Through its accessible and provocative chapters, Popular Representations of Development introduces the idea that while the issue of ‘development’ – defined broadly as problems of poverty and social deprivation, and the various agencies and processes seeking to address these – is normally one that is discussed by social scientists and policy makers, it also has a wider ‘popular’ dimension. Development is something that can also be understood through studying literature, films, and other non-conventional forms of representation. It is also a public issue, one that has historically been associated with musical movements such as Live Aid and increasingly features in newer media such as blogs and social networking. The book connects the effort to build a more holistic understanding of development issues with an exploration of the diverse public sphere in which popular engagement with development takes place.
This book gives students of development studies, media studies and geography as well as students in the humanities engaging with global development issues a variety of perspectives from different disciplines to open up this new field for discussion.

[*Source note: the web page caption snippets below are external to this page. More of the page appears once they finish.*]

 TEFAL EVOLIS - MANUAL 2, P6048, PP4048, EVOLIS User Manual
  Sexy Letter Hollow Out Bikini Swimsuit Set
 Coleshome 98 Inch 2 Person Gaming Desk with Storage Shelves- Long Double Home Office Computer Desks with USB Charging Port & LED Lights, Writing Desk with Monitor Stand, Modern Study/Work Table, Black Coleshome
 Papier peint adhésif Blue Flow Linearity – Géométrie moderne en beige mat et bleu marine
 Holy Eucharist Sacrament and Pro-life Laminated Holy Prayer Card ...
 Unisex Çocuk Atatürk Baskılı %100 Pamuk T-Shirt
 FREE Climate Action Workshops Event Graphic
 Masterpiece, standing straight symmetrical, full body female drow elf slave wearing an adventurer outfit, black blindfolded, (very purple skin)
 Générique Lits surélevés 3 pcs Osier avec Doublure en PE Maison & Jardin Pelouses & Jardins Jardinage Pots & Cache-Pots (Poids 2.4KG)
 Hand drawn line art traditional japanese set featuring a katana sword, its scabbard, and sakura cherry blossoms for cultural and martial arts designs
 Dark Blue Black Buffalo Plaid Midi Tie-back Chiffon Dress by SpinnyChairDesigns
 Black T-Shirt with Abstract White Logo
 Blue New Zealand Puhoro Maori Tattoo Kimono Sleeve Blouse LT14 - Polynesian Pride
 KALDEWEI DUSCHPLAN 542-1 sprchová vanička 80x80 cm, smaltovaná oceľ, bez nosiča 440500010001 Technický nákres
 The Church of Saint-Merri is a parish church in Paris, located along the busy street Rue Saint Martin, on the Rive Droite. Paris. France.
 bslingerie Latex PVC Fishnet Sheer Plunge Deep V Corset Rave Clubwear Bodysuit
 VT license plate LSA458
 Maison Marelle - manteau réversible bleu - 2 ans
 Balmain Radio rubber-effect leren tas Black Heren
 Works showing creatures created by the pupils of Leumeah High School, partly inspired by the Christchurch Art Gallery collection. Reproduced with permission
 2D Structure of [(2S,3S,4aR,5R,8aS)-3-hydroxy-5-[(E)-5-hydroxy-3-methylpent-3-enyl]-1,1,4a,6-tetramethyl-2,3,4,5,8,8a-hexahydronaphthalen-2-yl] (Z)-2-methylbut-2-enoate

Part 1: Introduction 1. Popular Representations of Development David Lewis, Dennis Rodgers and Michael Woolcock Part 2: Literature and Fiction 2. The Fiction of Development: Literary Representation as a Source of Authoritative Knowledge David Lewis, Dennis Rodgers and Michael Woolcock 3. Notes on Teaching International Studies With Novels: ‘Hard Times’, ‘Half of a Yellow Sun’ and ‘The Quiet American’ John Harriss 4. Considering ‘Pedagogical’ Fictions and Metanarratives of Development: 1 World Manga Veronica Davidov Part 3: Media and Television 5. More News is Bad News: Expanding the Scope of Studies of ‘the Public Faces of Development’ and ‘Media and Morality' Martin Scott 6. What You Know About Baltimore? Creative Reconstruction, The Wire and Uneven Development in the Contemporary American City Simon Parker Part 4: Film 7. The Projection of Development: Cinematic Representation as An(Other) Authoritative Source of Knowledge David Lewis, Dennis Rodgers and Michael Woolcock 8. “Not an Effect but an Affect”: Representations of Poverty in Popular Indian Cinema Esha Shah Part 5: Public Campaigns 9. Visual Representations of Empire and Development: The Empire Marketing Board Poster Campaign Uma Kothari 10. Affective Economies: Band Aid, Live Aid and Sentimental Cultures in Development Cheryl Lousley Part 6: New Media 11. Virtual Reflection or Viral Critique? Analyzing Social Media Coverage of the 2010 MDG Summit Tobias Denskus and Daniel Esser 12. Followme.intdev.com: International Development in the Blogosphere Ryann Manning
David Lewis is Professor of Social Policy and Development at the London School of Economics & Political Science (LSE), United Kingdom.
Dennis Rodgers is Professor of Urban Social and Political Research at the University of Glasgow, United Kingdom
Michael Woolcock is Lead Social Development Specialist with the World Bank's Development Research Group in Washington, DC, and Lecturer in Public Policy at the Harvard Kennedy School, Harvard University.